Directions:
The response must contain the complete data, printed exactly.

Exercise inputs:
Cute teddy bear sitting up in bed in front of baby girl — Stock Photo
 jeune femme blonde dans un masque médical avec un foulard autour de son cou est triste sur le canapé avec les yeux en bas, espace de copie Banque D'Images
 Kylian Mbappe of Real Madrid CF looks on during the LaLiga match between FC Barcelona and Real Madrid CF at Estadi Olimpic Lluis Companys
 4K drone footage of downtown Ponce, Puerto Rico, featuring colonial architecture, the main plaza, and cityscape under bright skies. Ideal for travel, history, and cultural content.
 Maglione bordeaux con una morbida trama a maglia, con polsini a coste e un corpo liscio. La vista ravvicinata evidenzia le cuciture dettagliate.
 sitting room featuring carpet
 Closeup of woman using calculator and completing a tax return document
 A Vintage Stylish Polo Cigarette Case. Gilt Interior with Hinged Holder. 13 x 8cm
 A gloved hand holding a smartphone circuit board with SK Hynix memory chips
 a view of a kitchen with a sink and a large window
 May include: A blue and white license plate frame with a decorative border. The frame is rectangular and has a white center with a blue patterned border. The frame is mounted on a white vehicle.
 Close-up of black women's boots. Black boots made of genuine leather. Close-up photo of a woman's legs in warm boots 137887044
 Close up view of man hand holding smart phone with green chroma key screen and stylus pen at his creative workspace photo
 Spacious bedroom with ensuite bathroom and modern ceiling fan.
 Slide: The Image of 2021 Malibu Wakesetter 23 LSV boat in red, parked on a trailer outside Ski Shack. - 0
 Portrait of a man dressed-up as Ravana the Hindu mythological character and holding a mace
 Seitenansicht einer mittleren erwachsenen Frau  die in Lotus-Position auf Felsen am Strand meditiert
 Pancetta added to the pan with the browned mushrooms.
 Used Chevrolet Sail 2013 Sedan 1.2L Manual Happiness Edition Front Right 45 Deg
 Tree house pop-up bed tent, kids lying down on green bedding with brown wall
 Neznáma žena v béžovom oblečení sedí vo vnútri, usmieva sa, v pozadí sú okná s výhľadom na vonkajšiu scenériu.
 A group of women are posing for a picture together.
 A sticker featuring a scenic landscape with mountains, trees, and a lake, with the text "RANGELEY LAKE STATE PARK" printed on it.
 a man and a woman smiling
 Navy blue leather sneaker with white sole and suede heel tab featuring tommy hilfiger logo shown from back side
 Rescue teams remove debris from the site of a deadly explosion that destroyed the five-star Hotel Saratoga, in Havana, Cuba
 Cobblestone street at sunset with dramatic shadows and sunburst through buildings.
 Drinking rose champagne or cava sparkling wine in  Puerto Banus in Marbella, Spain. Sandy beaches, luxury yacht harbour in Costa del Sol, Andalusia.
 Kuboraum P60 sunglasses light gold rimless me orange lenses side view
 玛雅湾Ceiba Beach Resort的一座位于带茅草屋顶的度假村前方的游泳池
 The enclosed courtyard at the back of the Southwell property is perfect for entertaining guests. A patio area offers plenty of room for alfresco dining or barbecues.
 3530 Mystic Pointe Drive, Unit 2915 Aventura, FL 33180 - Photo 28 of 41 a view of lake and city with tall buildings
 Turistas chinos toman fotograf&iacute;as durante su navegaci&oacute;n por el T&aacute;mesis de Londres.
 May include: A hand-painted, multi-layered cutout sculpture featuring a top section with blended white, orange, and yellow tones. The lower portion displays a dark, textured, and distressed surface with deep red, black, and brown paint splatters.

Output of the exercise:
Cute teddy bear sitting up in bed in front of baby girl — Stock Photo
 jeune femme blonde dans un masque médical avec un foulard autour de son cou est triste sur le canapé avec les yeux en bas, espace de copie Banque D'Images
 Kylian Mbappe of Real Madrid CF looks on during the LaLiga match between FC Barcelona and Real Madrid CF at Estadi Olimpic Lluis Companys
 4K drone footage of downtown Ponce, Puerto Rico, featuring colonial architecture, the main plaza, and cityscape under bright skies. Ideal for travel, history, and cultural content.
 Maglione bordeaux con una morbida trama a maglia, con polsini a coste e un corpo liscio. La vista ravvicinata evidenzia le cuciture dettagliate.
 sitting room featuring carpet
 Closeup of woman using calculator and completing a tax return document
 A Vintage Stylish Polo Cigarette Case. Gilt Interior with Hinged Holder. 13 x 8cm
 A gloved hand holding a smartphone circuit board with SK Hynix memory chips
 a view of a kitchen with a sink and a large window
 May include: A blue and white license plate frame with a decorative border. The frame is rectangular and has a white center with a blue patterned border. The frame is mounted on a white vehicle.
 Close-up of black women's boots. Black boots made of genuine leather. Close-up photo of a woman's legs in warm boots 137887044
 Close up view of man hand holding smart phone with green chroma key screen and stylus pen at his creative workspace photo
 Spacious bedroom with ensuite bathroom and modern ceiling fan.
 Slide: The Image of 2021 Malibu Wakesetter 23 LSV boat in red, parked on a trailer outside Ski Shack. - 0
 Portrait of a man dressed-up as Ravana the Hindu mythological character and holding a mace
 Seitenansicht einer mittleren erwachsenen Frau  die in Lotus-Position auf Felsen am Strand meditiert
 Pancetta added to the pan with the browned mushrooms.
 Used Chevrolet Sail 2013 Sedan 1.2L Manual Happiness Edition Front Right 45 Deg
 Tree house pop-up bed tent, kids lying down on green bedding with brown wall
 Neznáma žena v béžovom oblečení sedí vo vnútri, usmieva sa, v pozadí sú okná s výhľadom na vonkajšiu scenériu.
 A group of women are posing for a picture together.
 A sticker featuring a scenic landscape with mountains, trees, and a lake, with the text "RANGELEY LAKE STATE PARK" printed on it.
 a man and a woman smiling
 Navy blue leather sneaker with white sole and suede heel tab featuring tommy hilfiger logo shown from back side
 Rescue teams remove debris from the site of a deadly explosion that destroyed the five-star Hotel Saratoga, in Havana, Cuba
 Cobblestone street at sunset with dramatic shadows and sunburst through buildings.
 Drinking rose champagne or cava sparkling wine in  Puerto Banus in Marbella, Spain. Sandy beaches, luxury yacht harbour in Costa del Sol, Andalusia.
 Kuboraum P60 sunglasses light gold rimless me orange lenses side view
 玛雅湾Ceiba Beach Resort的一座位于带茅草屋顶的度假村前方的游泳池
 The enclosed courtyard at the back of the Southwell property is perfect for entertaining guests. A patio area offers plenty of room for alfresco dining or barbecues.
 3530 Mystic Pointe Drive, Unit 2915 Aventura, FL 33180 - Photo 28 of 41 a view of lake and city with tall buildings
 Turistas chinos toman fotograf&iacute;as durante su navegaci&oacute;n por el T&aacute;mesis de Londres.
 May include: A hand-painted, multi-layered cutout sculpture featuring a top section with blended white, orange, and yellow tones. The lower portion displays a dark, textured, and distressed surface with deep red, black, and brown paint splatters.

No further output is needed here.